*Work to complete:*
Nothing but the lines from the one including "FIAT Idea 1.4" through the last line of the entries, restated exactly, should appear in the answer; omit the pictures.

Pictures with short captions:
========================================

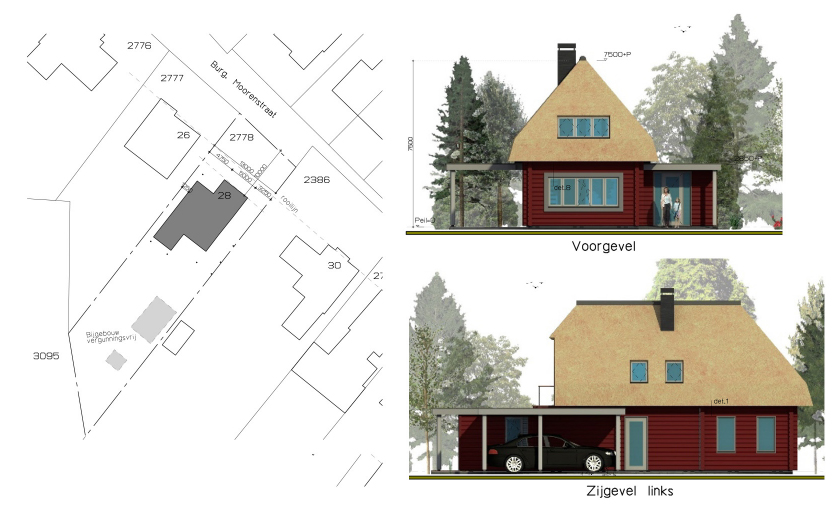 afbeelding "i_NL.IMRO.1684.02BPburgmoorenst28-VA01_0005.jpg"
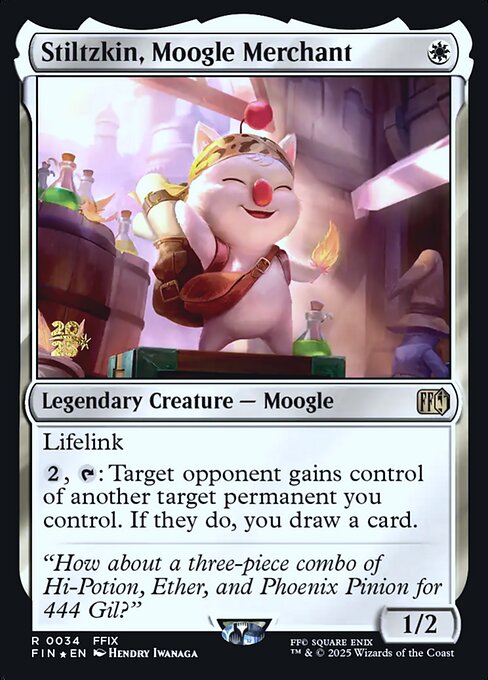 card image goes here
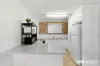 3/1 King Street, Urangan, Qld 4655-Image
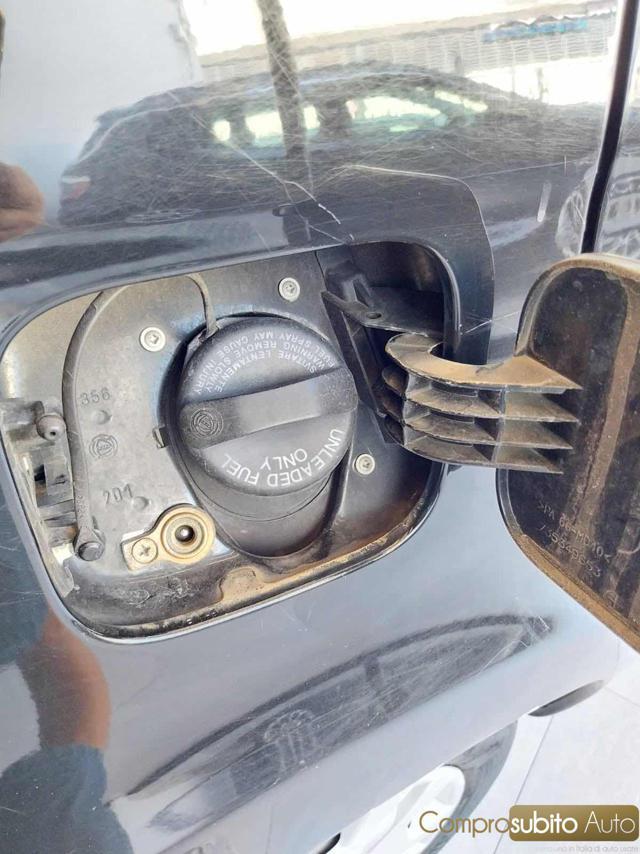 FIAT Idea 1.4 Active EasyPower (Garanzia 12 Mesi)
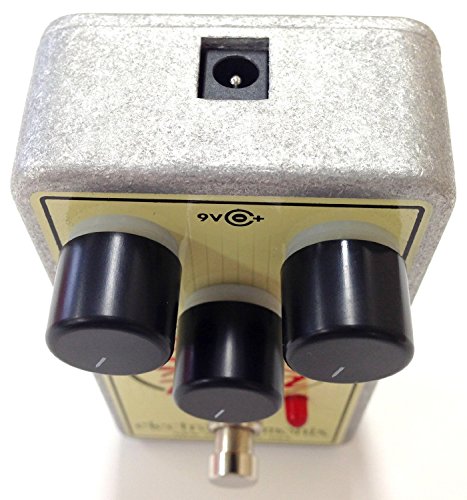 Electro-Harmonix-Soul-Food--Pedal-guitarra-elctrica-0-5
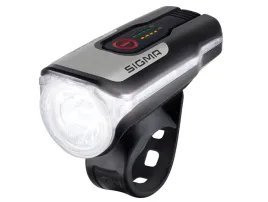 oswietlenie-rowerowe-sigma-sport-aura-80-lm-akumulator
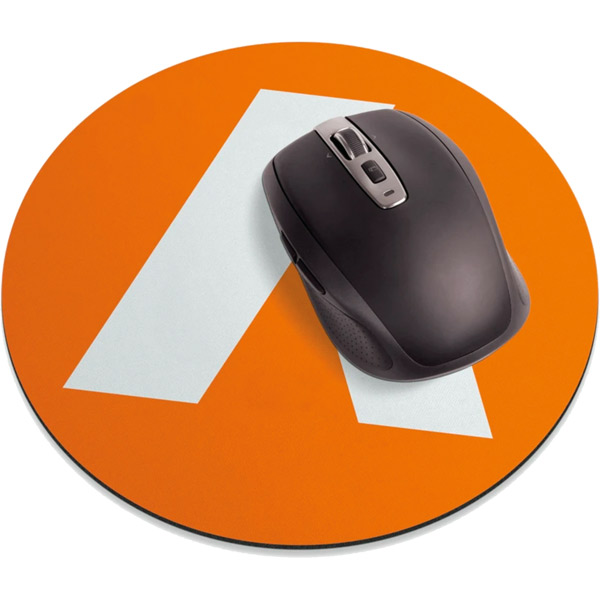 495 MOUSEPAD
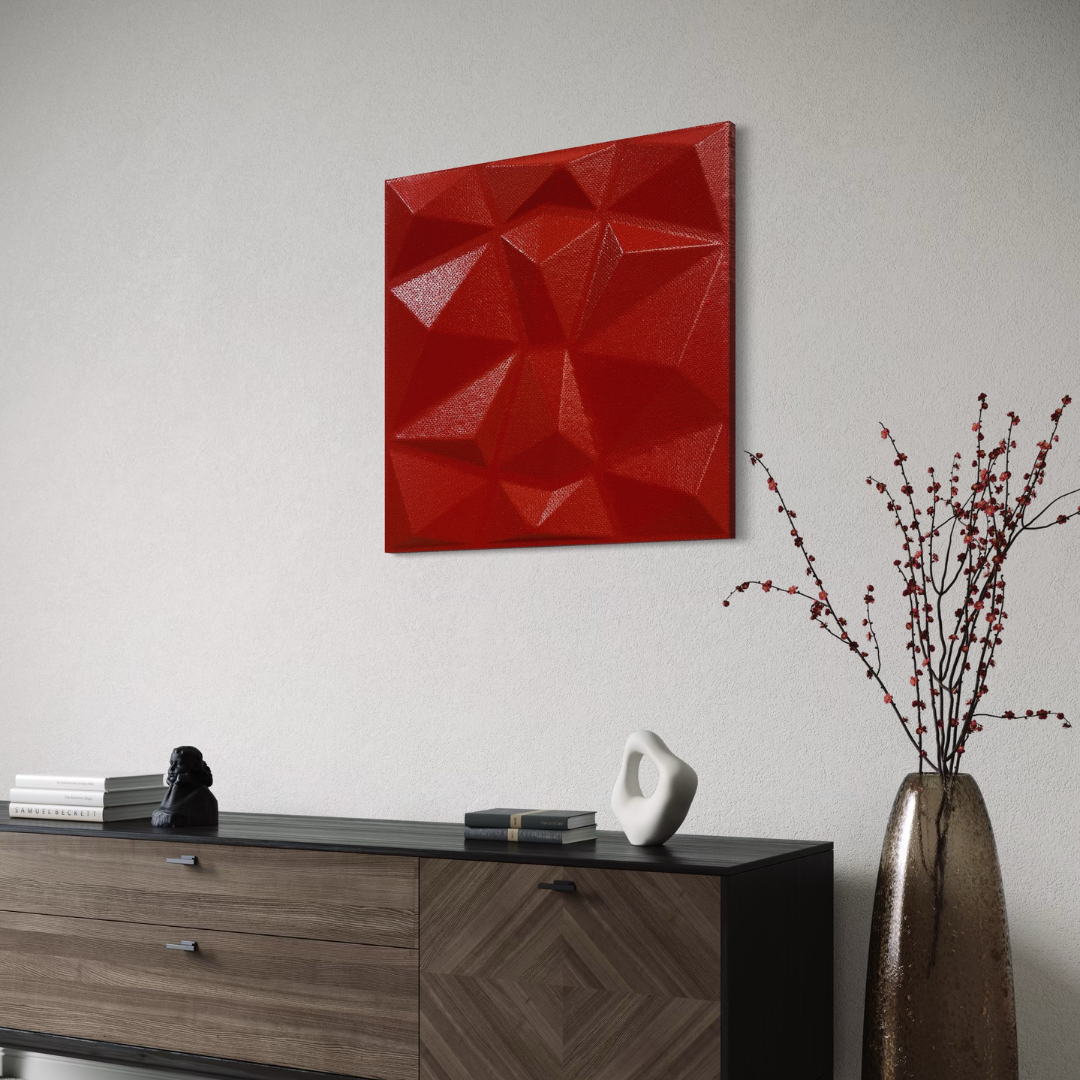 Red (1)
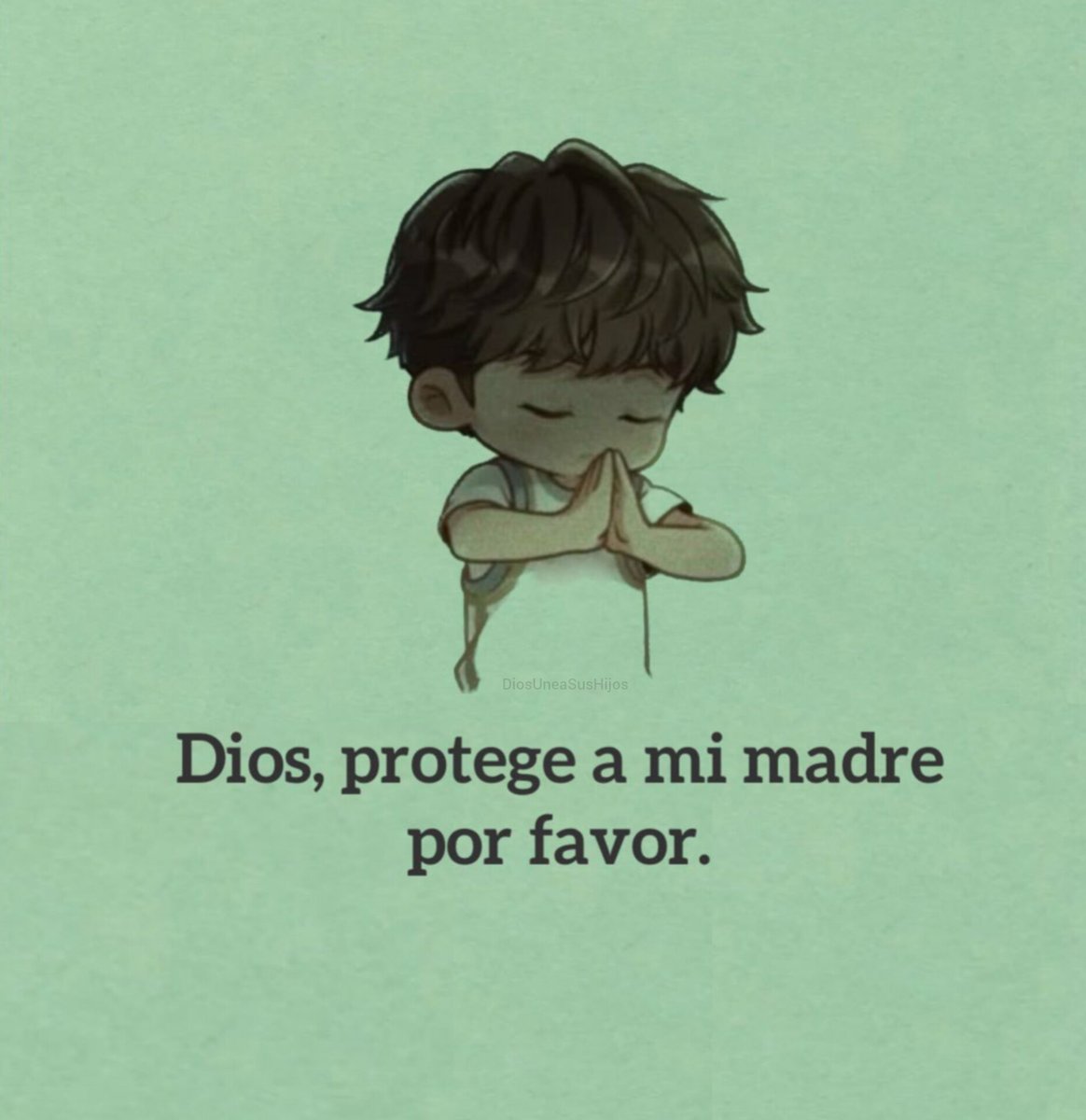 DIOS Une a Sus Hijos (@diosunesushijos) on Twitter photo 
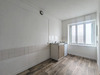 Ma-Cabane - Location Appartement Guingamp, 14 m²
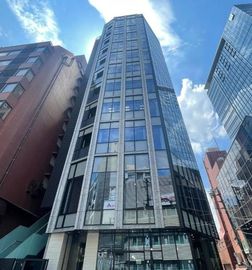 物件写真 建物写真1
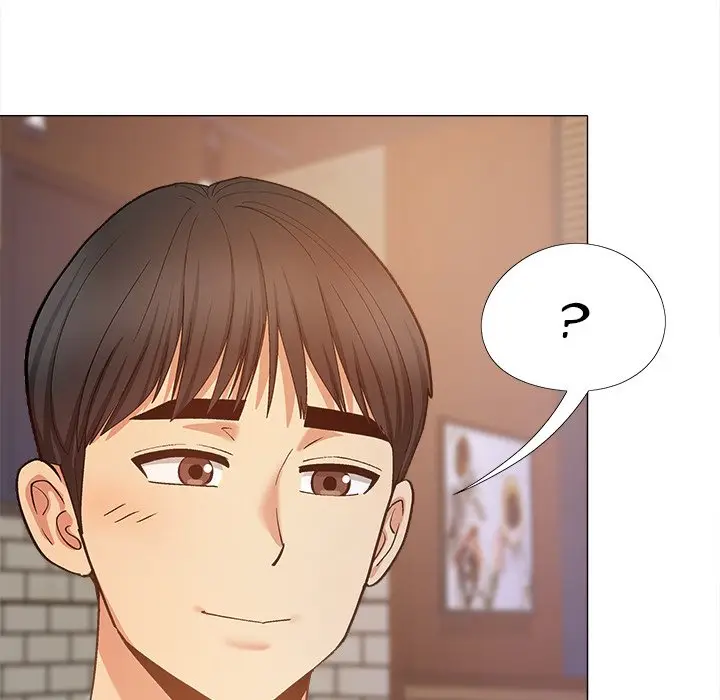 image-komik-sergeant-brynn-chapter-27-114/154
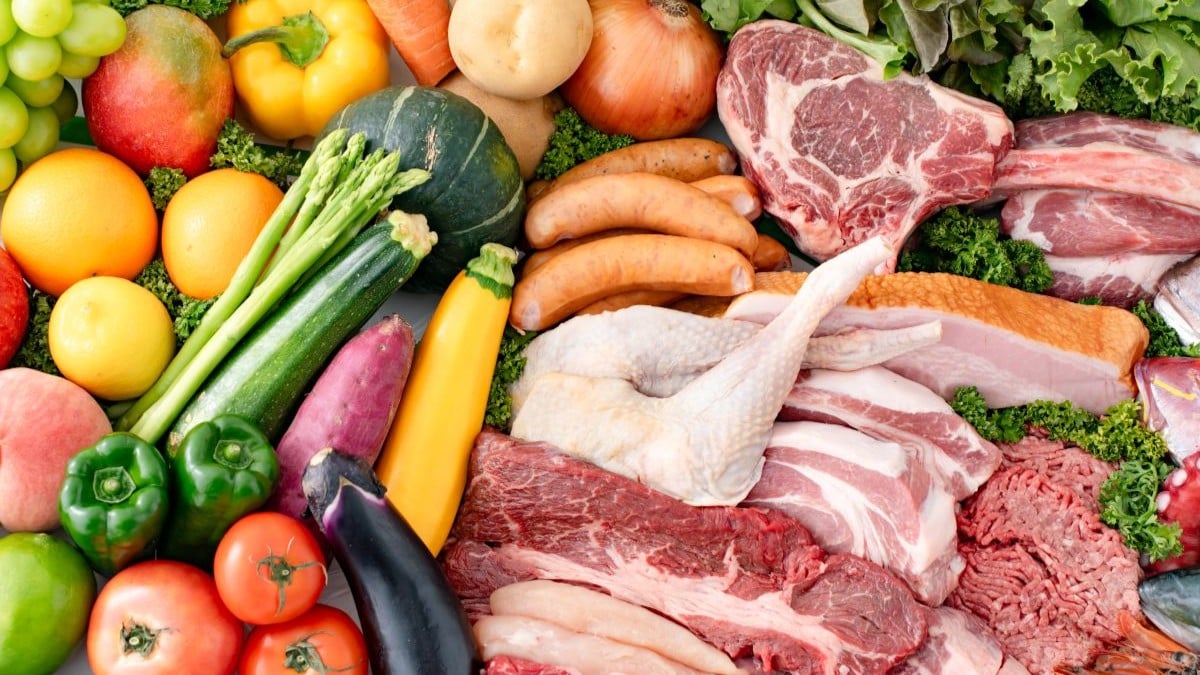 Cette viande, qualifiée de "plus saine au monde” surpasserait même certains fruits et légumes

========================================

*Response below:*
 FIAT Idea 1.4 Active EasyPower (Garanzia 12 Mesi)
 Electro-Harmonix-Soul-Food--Pedal-guitarra-elctrica-0-5
 oswietlenie-rowerowe-sigma-sport-aura-80-lm-akumulator
 495 MOUSEPAD
 Red (1)
 DIOS Une a Sus Hijos (@diosunesushijos) on Twitter photo 
 Ma-Cabane - Location Appartement Guingamp, 14 m²
 物件写真 建物写真1
 image-komik-sergeant-brynn-chapter-27-114/154
 Cette viande, qualifiée de "plus saine au monde” surpasserait même certains fruits et légumes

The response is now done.